Data segment

=-=-=-=-=

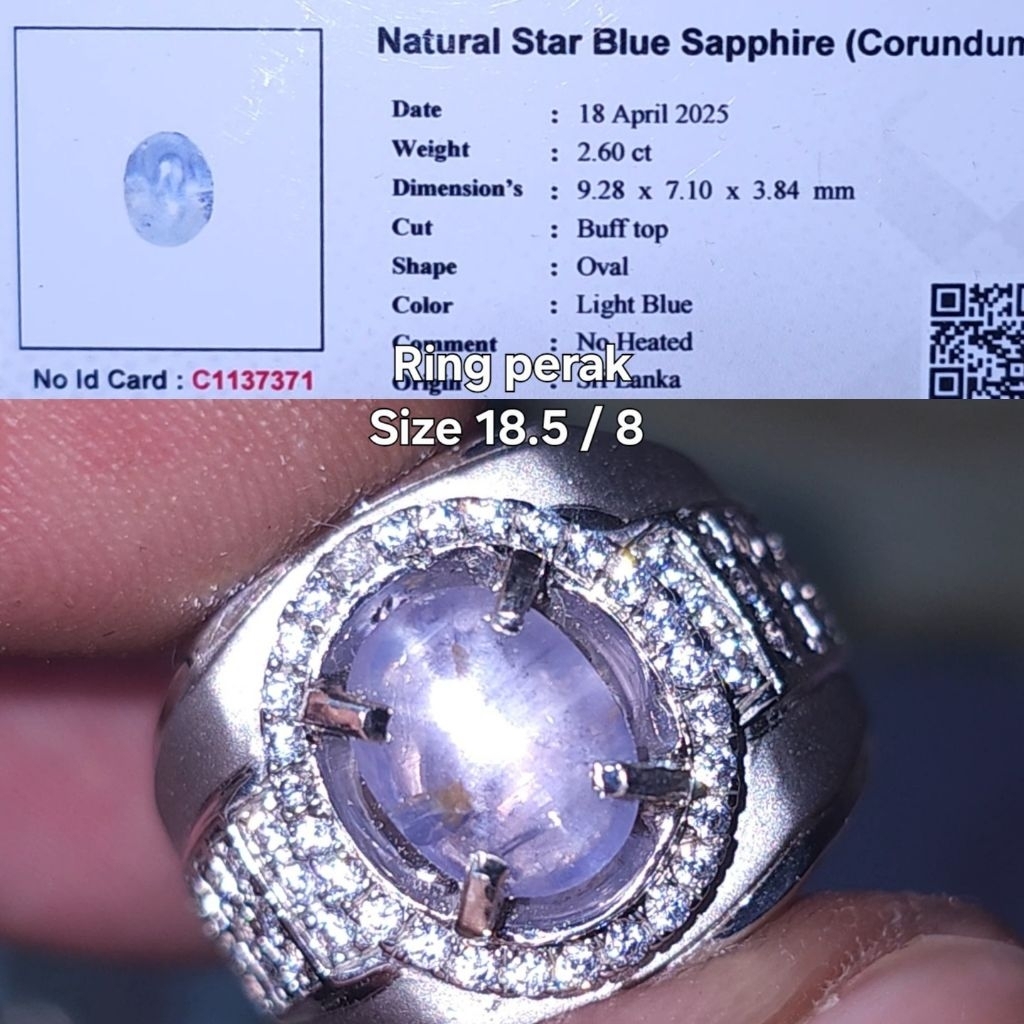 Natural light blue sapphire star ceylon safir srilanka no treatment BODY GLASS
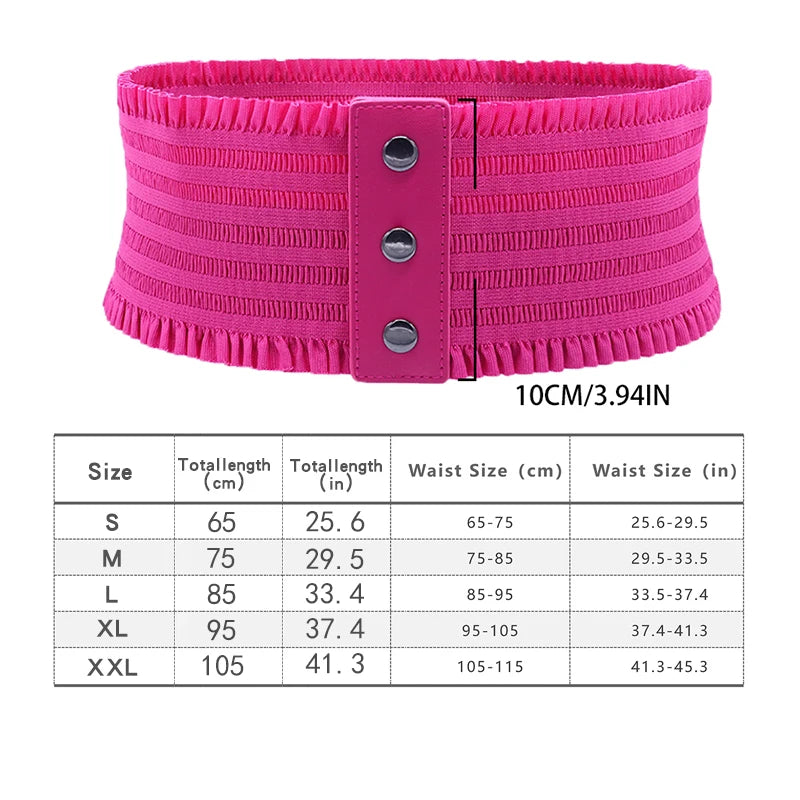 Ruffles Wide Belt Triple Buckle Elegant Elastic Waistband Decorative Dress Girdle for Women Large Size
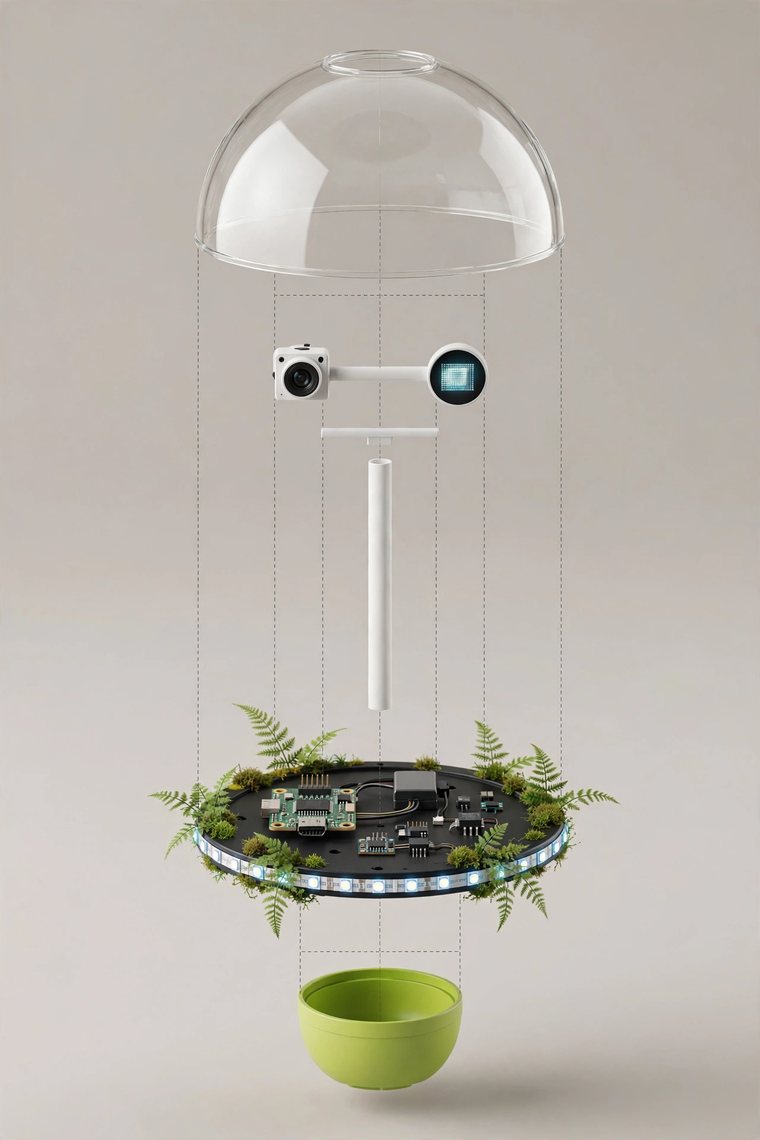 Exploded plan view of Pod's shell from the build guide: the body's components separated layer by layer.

=-=-=-=-=

What you will do
Print only the lines from the first line of the data above through the one containing "Ruffles Wide Belt", exactly as they are, with pictures omitted.

Exercise response
 Natural light blue sapphire star ceylon safir srilanka no treatment BODY GLASS
 Ruffles Wide Belt Triple Buckle Elegant Elastic Waistband Decorative Dress Girdle for Women Large Size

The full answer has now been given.